Pada artikel sebelumnya "Epos Jokowi Sang Demigod" telah dijelaskan alasan apa yang melatarbelakangi "penasbihan" Jokowi sebagai Calon Presiden Setengah Dewa. Alasan-alasan penasbihan tersebut antara lain, popularitas Jokowi tak terkalahkan oleh bakal calon Presiden manapun. Lalu soal partai, apapun partainya bahkan partai gurem sekalipun, berpotensi menjadi pemenang bila mengusung Jokowi sebagai calon presiden.

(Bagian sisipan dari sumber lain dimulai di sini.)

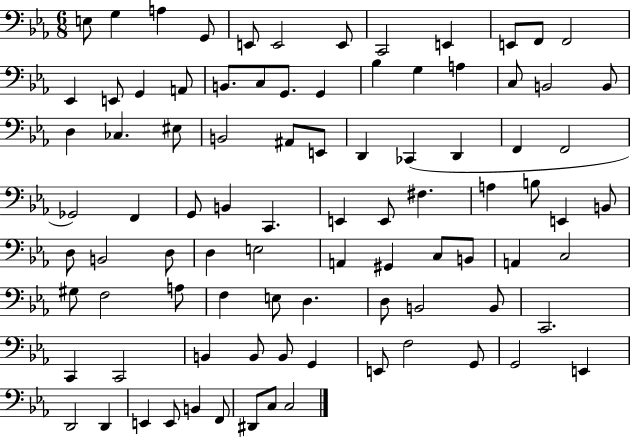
{
  \clef bass
  \numericTimeSignature
  \time 6/8
  \key ees \major
  \repeat volta 2 { e8 g4 a4 g,8 | e,8 e,2 e,8 | c,2 e,4 | e,8 f,8 f,2 | \break ees,4 e,8 g,4 a,8 | b,8. c8 g,8. g,4 | bes4 g4 a4 | c8 b,2 b,8 | \break d4 ces4. eis8 | b,2 ais,8 e,8 | d,4 ces,4( d,4 | f,4 f,2 | \break ges,2) f,4 | g,8 b,4 c,4. | e,4 e,8 fis4. | a4 b8 e,4 b,8 | \break d8 b,2 d8 | d4 e2 | a,4 gis,4 c8 b,8 | a,4 c2 | \break gis8 f2 a8 | f4 e8 d4. | d8 b,2 b,8 | c,2. | \break c,4 c,2 | b,4 b,8 b,8 g,4 | e,8 f2 g,8 | g,2 e,4 | \break d,2 d,4 | e,4 e,8 b,4 f,8 | dis,8 c8 c2 | } \bar "|."
} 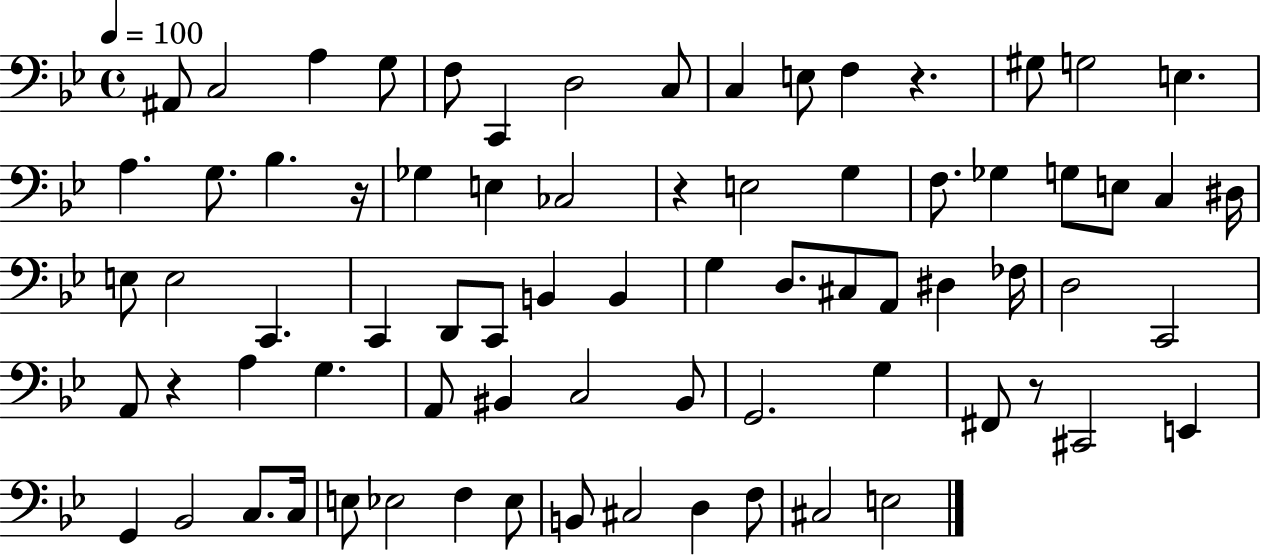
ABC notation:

X:1
T:Untitled
M:4/4
L:1/4
K:Bb
^A,,/2 C,2 A, G,/2 F,/2 C,, D,2 C,/2 C, E,/2 F, z ^G,/2 G,2 E, A, G,/2 _B, z/4 _G, E, _C,2 z E,2 G, F,/2 _G, G,/2 E,/2 C, ^D,/4 E,/2 E,2 C,, C,, D,,/2 C,,/2 B,, B,, G, D,/2 ^C,/2 A,,/2 ^D, _F,/4 D,2 C,,2 A,,/2 z A, G, A,,/2 ^B,, C,2 ^B,,/2 G,,2 G, ^F,,/2 z/2 ^C,,2 E,, G,, _B,,2 C,/2 C,/4 E,/2 _E,2 F, _E,/2 B,,/2 ^C,2 D, F,/2 ^C,2 E,2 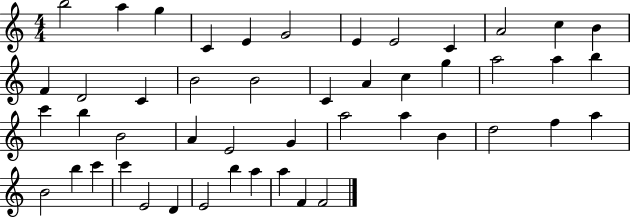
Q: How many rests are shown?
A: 0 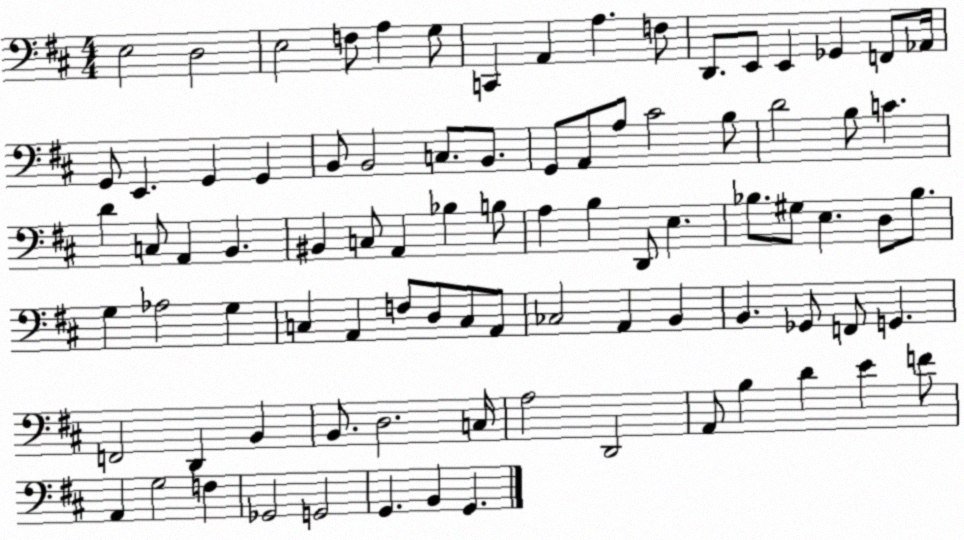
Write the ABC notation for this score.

X:1
T:Untitled
M:4/4
L:1/4
K:D
E,2 D,2 E,2 F,/2 A, G,/2 C,, A,, A, F,/2 D,,/2 E,,/2 E,, _G,, F,,/2 _A,,/4 G,,/2 E,, G,, G,, B,,/2 B,,2 C,/2 B,,/2 G,,/2 A,,/2 A,/2 ^C2 B,/2 D2 B,/2 C D C,/2 A,, B,, ^B,, C,/2 A,, _B, B,/2 A, B, D,,/2 E, _B,/2 ^G,/2 E, D,/2 _B,/2 G, _A,2 G, C, A,, F,/2 D,/2 C,/2 A,,/2 _C,2 A,, B,, B,, _G,,/2 F,,/2 G,, F,,2 D,, B,, B,,/2 D,2 C,/4 A,2 D,,2 A,,/2 B, D E F/2 A,, G,2 F, _G,,2 G,,2 G,, B,, G,, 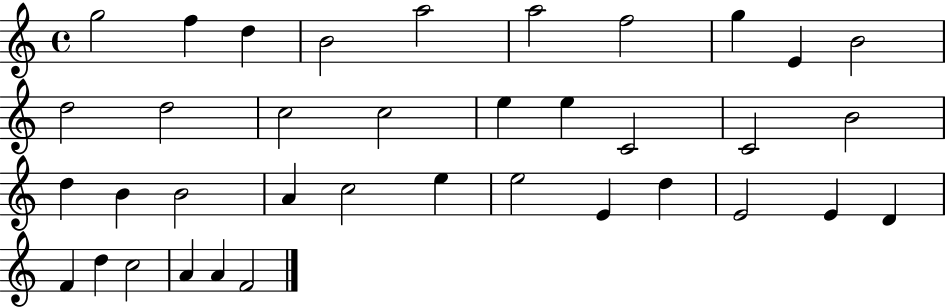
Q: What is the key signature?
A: C major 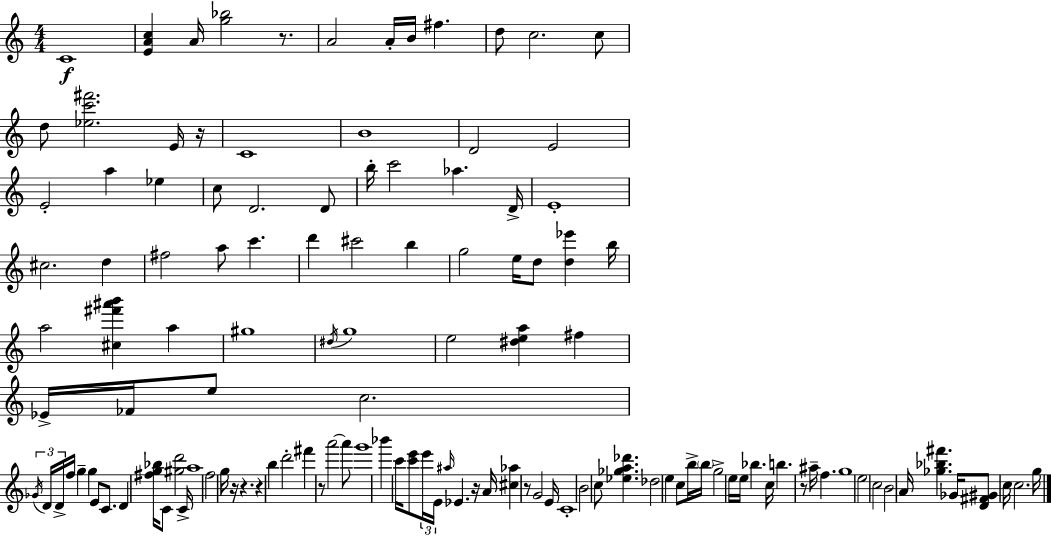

Dan kebijakan apapun yang dibilang baik oleh Jokowi akan diterima publik sebagai kebijakan yang baik, vice versa.

Bahkan Foreign Policy melihat Jokowi sangat populer, "sehingga muncul istilah Jokowimania. Jika ia maju dalam pemilihan presiden, ada kemungkinan ia akan sulit dikalahkan. Ada harapan bahwa jika ia menjadi presiden, ia akan mengulangi prestasi baiknya selama ini," demikian ulas Majalah bergengsi di AS itu. Hal senada juga ditulis dalam artikel New York Times "In Indonesia, a Governor at Home on the Streets".

Mencari lawan tanding yang sepadan Jokowi untuk bertarung dalam pemilihan Presiden 2014 menjadi agenda yang penting saat ini. Jokowi sang Manusia setengah dewa akan dengan mudah melumat lawannya yang cuma kurcaci PEMALU alias pemain masa lalu. Semua nama yang menjadi pesaing Jokowi saat ini adalah orang-orang yang menjadi bagian dari rezim-rezim masa lalu. Dan Jokowi tampil sebagai harapan baru. Namun mengapa hanya Jokowi saja?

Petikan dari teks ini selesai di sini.